De loodgieter en de kleine prins

July 30, 2015

By Arnold Jansen op de Haar

Here at home, the boiler is being replaced, and all of a sudden I find myself in an uncomfortable situation. This awkward state of affairs begins as soon as the workmen arrive. I’m never quite sure if I ought to offer workmen something to drink. Nonetheless, I’ve set out tea and coffee, but I don’t have any milk. ‘No problem,’ say the workmen.

Suddenly, I sympathize with the Queen Mum, who, during the last 30 years of her life, refused to have workmen around in Clarence House. (After her death, Prince Charles had to renovate the place to the tune of five million pounds.)

I also understand the people who, during extensive building works, board a ship to a faraway island to ‘escape from the workmen’. Because it plays havoc with the creative process, such as writing a poem or something like that.
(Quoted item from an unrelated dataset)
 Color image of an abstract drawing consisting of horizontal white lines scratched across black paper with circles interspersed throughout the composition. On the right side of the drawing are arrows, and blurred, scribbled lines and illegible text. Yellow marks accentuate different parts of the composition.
Straight away, one of the plumbers is having his breakfast in the kitchen. He has brought in sandwiches. So I quickly retreat to my room. By the way, it’s rather unusual here in London for plumbers to eat anything at all in the house (my flatmate had ‘never come across it’), but being reconnected to hot water is worth the discomfort.

Half an hour later, from inside my room, I hear the workmen starting to demolish and rebuild. Every now and then I take a look. ‘It’s quite a job,’ says the senior of the two men, ‘especially making connections to those old pipes.’
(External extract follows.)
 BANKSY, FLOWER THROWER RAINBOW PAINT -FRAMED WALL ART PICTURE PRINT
Around twelve o’clock, the second workman asks if we have a microwave. Maybe they need to ‘warm something up to make it fit’. But, no, we don’t have a microwave.
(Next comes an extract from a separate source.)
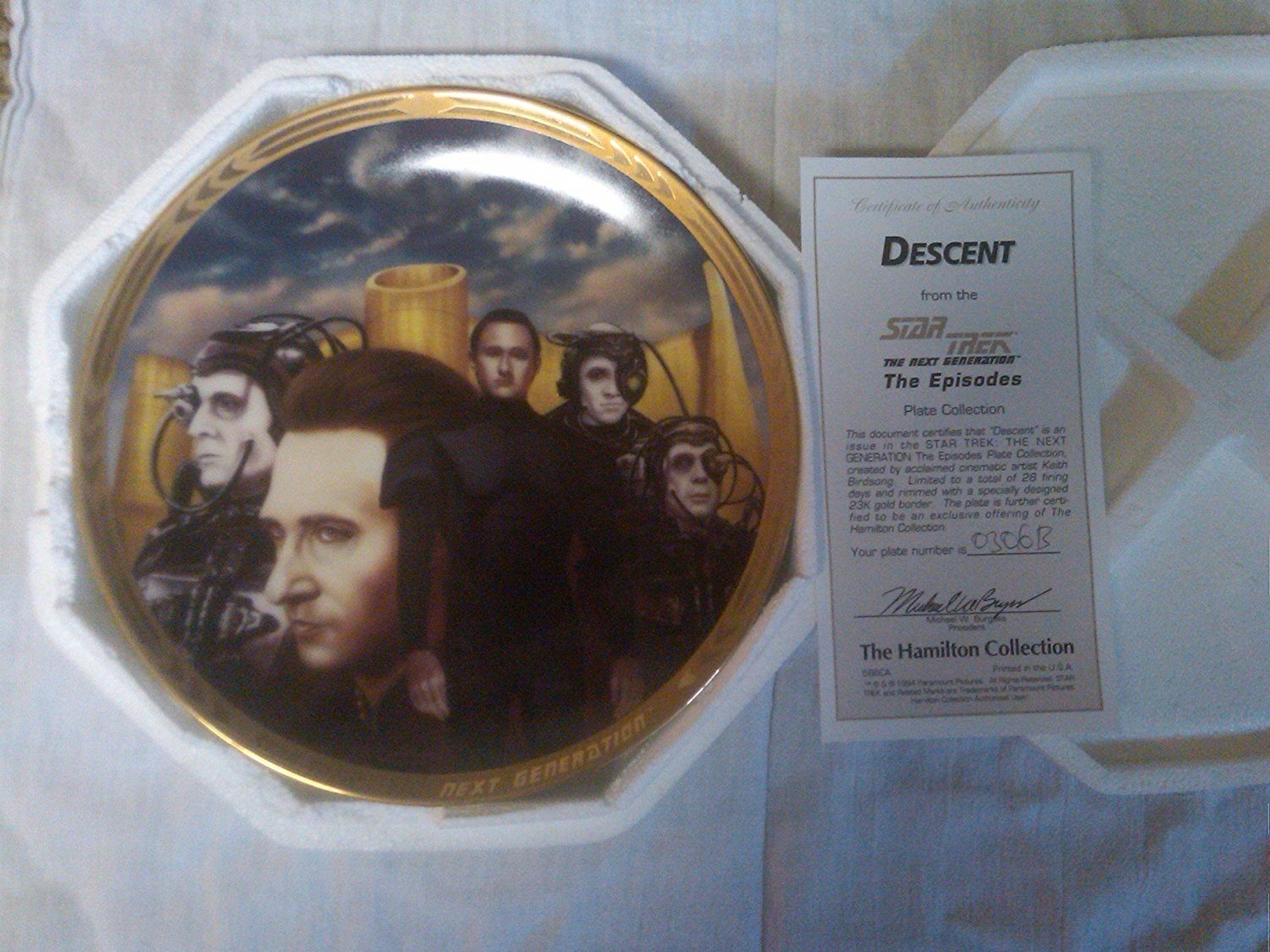 Star Trek The Next Generation The Episodes Plate Collection -"Descent"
After another half hour I smell food. I decide to check it out. One of the men is eating standing up in the kitchen. The boss has made himself comfortable in my chair to have his lunch. They’ve ‘heated up food in the shop around the corner’.

I don’t understand how people can be comfortable sitting in someone else’s space. If you do, you’d better become a dentist straight away. And I think about other very bad situations, such as ‘joining in the festivities at a birthday party’, and other things that are to be avoided. Never shit in friends’ or acquaintances’ homes!

But my main thought is: when can we have our lunch? I now notice that he has also moved some things around in the living room. Sulking, I retreat to my desk. Am I really such a little prince?

Maybe he has a very domineering wife at home. That’s a possibility too.

But it also reminds me of my father who, in these circumstances, would simply draw up a chair to ‘watch the work in progress’. In any case, he frequently went around ‘checking’. This speeded up the work in no time.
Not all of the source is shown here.